* _GOAL OF THE EXERCISE_
Return the lines of the data below starting at the one holding "Dunk Low 'Split - Chicago'" and ending at the one holding "BMW M5 (F90) 2020 Серебристо-серый из Кореи", word for word, leaving every picture out.
EXERCISE DATA START
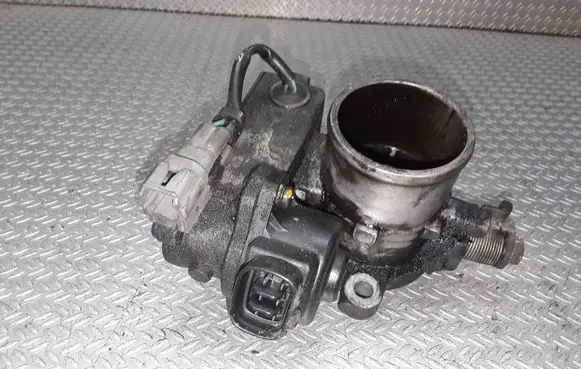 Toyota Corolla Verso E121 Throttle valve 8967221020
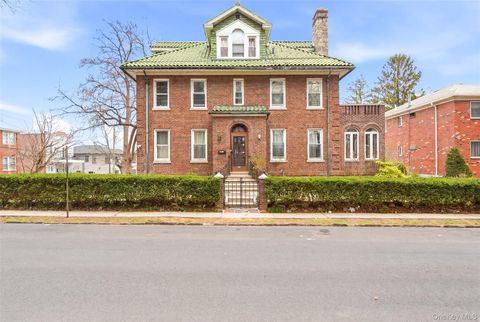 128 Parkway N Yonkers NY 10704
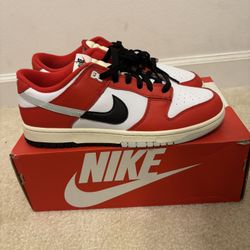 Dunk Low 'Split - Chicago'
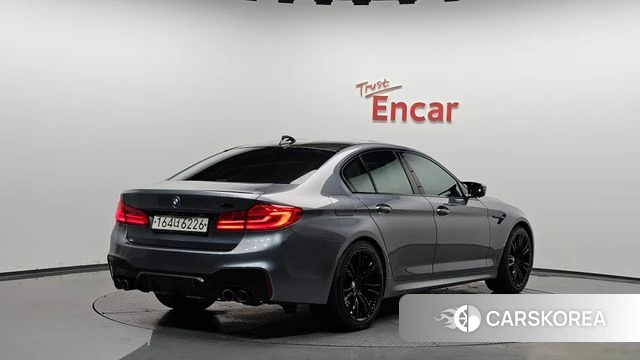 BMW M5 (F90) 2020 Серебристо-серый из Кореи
EXERCISE DATA END
EXERCISE DATA START
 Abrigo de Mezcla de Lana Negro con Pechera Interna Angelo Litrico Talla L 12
EXERCISE DATA END
EXERCISE DATA START
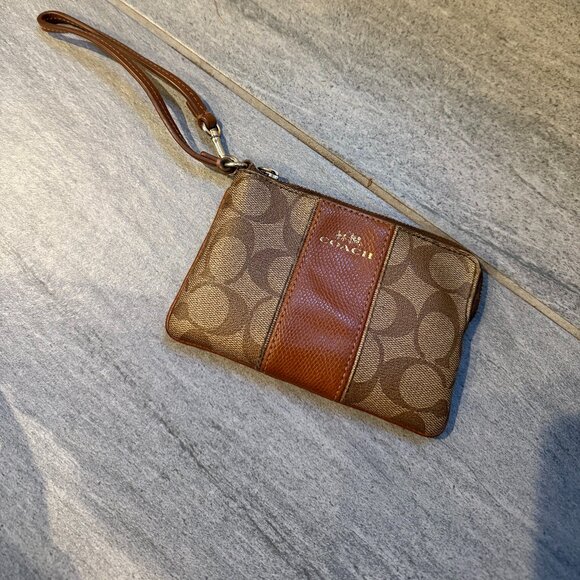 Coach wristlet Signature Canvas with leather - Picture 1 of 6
EXERCISE DATA END
* _RESPONSE FOR THIS EXERCISE_
 Dunk Low 'Split - Chicago'
 BMW M5 (F90) 2020 Серебристо-серый из Кореи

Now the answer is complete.